The breathtaking part of the book is Pelle's art. At it's core, it's slightly cartoony and simple, with the main human, in particular, looking more like a comic strip character than a photorealistic book that Jean Van Hamme might have written. But the detail present on every page is awe-inspiring. Much of it is done in the coloring, which looks like a mixture of paints and colored pencils. It's probably all done in Photoshop, for all I know, but that's what the final look is. Rather than blocks of colors and gradients for special effects, Pelle gives it added texture on top of technically detailed art. This book is filled with spaceships and land cruisers that aren't lacking for seams, spare parts, and gee-gaws. His sense of scale is enormous. These are large-scale missions onto other planets, so the scale should be huge.

Thankfully, the book maintains a larger size. The 48 page album clocks in at 8.5 x 11 inches in size, compared to what "Largo Winch" is shrunken down to today, a mere 7 x 10 inches. It sounds like a minor difference, but it's enormous when compared side by side. Doing the math, it's 92 square inches per page for "Orbital" versus 70 on "Largo Winch." That's big. The original is closer to 12 x 9 inches, or 108 square inches. it's big. I'm jealous.

The overall palette is relentlessly dark in this first volume. There's lots of night scenes, spaceship scenes, and ship hangars. These are not bright pleasant places, so the palette fits. The book is printed on nice flat white paperstock. I have to think the paper eats up some of the ink. I wonder if a smoother, glossier stock would show the art and colors a bit more? Or if that would destroy the effect? I wish I knew. It's not hard to read, so it's not a problem. It's just that after 40 pages of it, you'll want to step out into the sun.

The problem with the book is that it's a little too static. Things happen in the book and there are a couple of brief action pages, but there's also a lot of new characters standing around and talking things through. The expository dialogue is an evil necessity in a first volume of a book with as much back story as "Orbital" has, but it tends to stall the book's momentum out a lot. And then, just when there's a big dramatic action scene coming -- that's the cliffhanger. Like "Largo Winch," Cinebook is breaking these books into parts. Each pair of volumes comprises one story. The break point in this case works against the book. Hopefully, we have enough of the backstory now that things will start moving more dramatically in the second half. That'll also help us understand the characters' motivations more, and get a better feel for each of them. Right now, it all seems very on-the-surface.

"Orbital" is worth it for the visual splendor, alone. At the larger page size, it shows itself off nicely.

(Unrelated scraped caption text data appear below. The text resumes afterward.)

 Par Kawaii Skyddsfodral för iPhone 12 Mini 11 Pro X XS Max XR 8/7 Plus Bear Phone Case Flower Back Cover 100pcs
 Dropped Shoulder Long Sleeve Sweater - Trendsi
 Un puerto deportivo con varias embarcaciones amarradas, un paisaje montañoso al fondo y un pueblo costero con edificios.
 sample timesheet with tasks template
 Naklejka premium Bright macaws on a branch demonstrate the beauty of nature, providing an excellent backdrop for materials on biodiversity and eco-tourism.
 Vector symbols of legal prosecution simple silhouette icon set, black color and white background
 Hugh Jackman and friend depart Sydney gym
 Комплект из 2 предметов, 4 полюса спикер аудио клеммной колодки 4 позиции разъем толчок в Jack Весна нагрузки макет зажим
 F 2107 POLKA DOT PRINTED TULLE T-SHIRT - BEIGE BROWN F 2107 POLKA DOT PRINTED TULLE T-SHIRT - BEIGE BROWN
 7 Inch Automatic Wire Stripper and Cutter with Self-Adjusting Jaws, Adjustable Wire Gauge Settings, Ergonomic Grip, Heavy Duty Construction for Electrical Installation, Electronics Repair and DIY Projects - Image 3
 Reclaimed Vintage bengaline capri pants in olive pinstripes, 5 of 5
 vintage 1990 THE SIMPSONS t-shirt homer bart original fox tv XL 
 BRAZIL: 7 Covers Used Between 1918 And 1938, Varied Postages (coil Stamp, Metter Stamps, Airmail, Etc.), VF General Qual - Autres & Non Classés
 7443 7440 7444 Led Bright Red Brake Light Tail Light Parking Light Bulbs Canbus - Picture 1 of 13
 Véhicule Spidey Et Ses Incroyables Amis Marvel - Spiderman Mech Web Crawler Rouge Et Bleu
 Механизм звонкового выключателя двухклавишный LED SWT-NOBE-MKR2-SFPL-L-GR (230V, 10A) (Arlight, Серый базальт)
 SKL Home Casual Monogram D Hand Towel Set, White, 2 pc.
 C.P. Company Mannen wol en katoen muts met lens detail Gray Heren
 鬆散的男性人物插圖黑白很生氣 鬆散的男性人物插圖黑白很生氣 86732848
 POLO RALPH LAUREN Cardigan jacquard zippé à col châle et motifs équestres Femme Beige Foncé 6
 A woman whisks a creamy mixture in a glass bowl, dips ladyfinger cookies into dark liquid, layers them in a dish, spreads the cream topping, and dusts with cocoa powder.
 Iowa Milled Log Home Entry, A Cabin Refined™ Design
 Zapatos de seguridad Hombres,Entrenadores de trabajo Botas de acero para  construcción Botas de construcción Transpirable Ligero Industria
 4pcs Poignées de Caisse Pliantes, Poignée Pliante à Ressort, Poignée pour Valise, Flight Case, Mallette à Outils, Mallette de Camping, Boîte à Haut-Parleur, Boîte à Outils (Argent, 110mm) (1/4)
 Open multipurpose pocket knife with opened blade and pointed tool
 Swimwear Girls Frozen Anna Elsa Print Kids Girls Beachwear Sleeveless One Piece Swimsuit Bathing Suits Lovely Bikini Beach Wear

I liked it so much that I automatically ordered the second volume on Amazon and will be read it this week. The cover price for this series is $11.95. The next three volumes jump up to $12.95, but also contain an extra eight pages to help offset that cost. You can see the merest hint of what the book looks like if you check out the preview for the digital edition. That preview doesn't take you into space on the adventures, but it's still a nice start to get an idea.

'PIPELINKS' IS A NEOLOGISM

  • Chad Nevett's annual charity Blogathon launches this weekend. I'll be taking part in it. Look for my contribution later in the day, I believe. My fellow CBR columnist, Timothy Callahan, is contributing two pieces, as well. Proceeds from the day of mad comics writing will be going to the Hero Initiative.
  • Correction to last week's column: I found it funny that Google thought I'd be searching for something called "100 Sexiest Women in Comics" when looking up "The Comics Buyer's Guide. I didn't think Krause would be publishing such a thing. Except they did, though the link on their web page to it is dead. They also published a companion volume, "100 Baddest Mother F*#!ers of Comics." That one is still available.
  • Also in CBG world, here's that Jim Lee cover from "Comics Buyer's Guide" #1000 I mentioned last week. Thanks to Jon M. for passing on the link.
  • Johanna Draper-Carlson did the leg work for me and found out what happened to the legendary CompuServe Comics/Animation Forum. It died in 2009.
  • If you're missing the Pipeline Podcast, you can hear my booming microphone instead on last week's edition of the Word Balloon podcast. I was John Siuntres' guest for a lengthy conversation about Image Comics in 2012. It was fun to be podcasting again, and John is always fun to talk to. As a writer, it's very difficult not to be able to edit myself after the fact, so I'm sure I slipped up somewhere along the line. For starters, I mentioned a "Gravity" hardcover, when I was actually thinking of the "Behyond!" hardcover, which was the book in which Gravity "died." Whoops. Both are great reads, in whatever format you find them in.
  • Congratulations and best of luck to iFanboy founder, Ron Richards, as he moves into his new position at Image Comics this week. I hope the experience for him isn't too much akin to learning how the sausages are made.
  • Someone thinks it's a good idea to splash full page ads for a show called "King of the Nerds" on the backs of comic books? At what point do they figure they're insulting their target audience, you think?
  • Since I like technology and comics, I need to link to Matt Wilson's review of his new Modbook (modified MacBook Pro as a tablet), particularly as a device for coloring comics.
  • I missed a major feature in Manga Studio Debut 4 that changed the way I use it completely. It's the ruler. And I'm doubly ticked off at myself because there's another Doug Hills video for it. Hills' series on learning the software is indespensible. I watched a bunch of them when I started learning the app, but completely missed that one. I probably didn't think much of spending eight minutes learning about a "rulers" tool. But, as it turns out, it's HUGE. The thing lets you lay out circles, lines, arcs, or other shapes and then draw directly on that line without falling off it. It's like having a magnetic pencil line for your ink. No matter how far away your stylus gets from the ruler, the program keeps your drawing on line. This lets you draw a perfect curved line while concentrating just on varying the line weights. This means I can make whole drawings that are built up as a series of shapes that I can concentrate strictly on my line weights with.(Thanks to Arachne on the Pipeline Message Board for pointing this one out to me.)
  • Remember the serial killer storyline on "Days of Our Lives" (2003/2004) when they killed off half the show's cast, only to find them alive on an island built to be a duplicate of their home town, Salem? How are you enjoying "Avengers Academy" so far?
  • Actually, that "Days of Our Lives" storyline has a couple of comics parallels. The other is that the identity of the character was leaked out a month before the reveal by an actor departing the show after his "death." The writers scrambled and, sure, enough, that original identity turned out to be a red herring, after all. It wasn't Marlena, it was Tony Dimera. It's always a Dimera on that show. . . In any case, the whole thing reminds me of DC's "Armageddon 2001" storyline and its last minute change of identity that doomed Hawk.
  • Agnes Garbowska draws Westley and Buttercup of "The Princess Bride." Awww...
  • Andrews McMeel announced a new publishing initiative last week. The line is being called "Udig". They plan on making short eBook compilations of comic strips they distribute. They will be priced at $2.99. You heard that right: It's the comics world of 1933 all over again!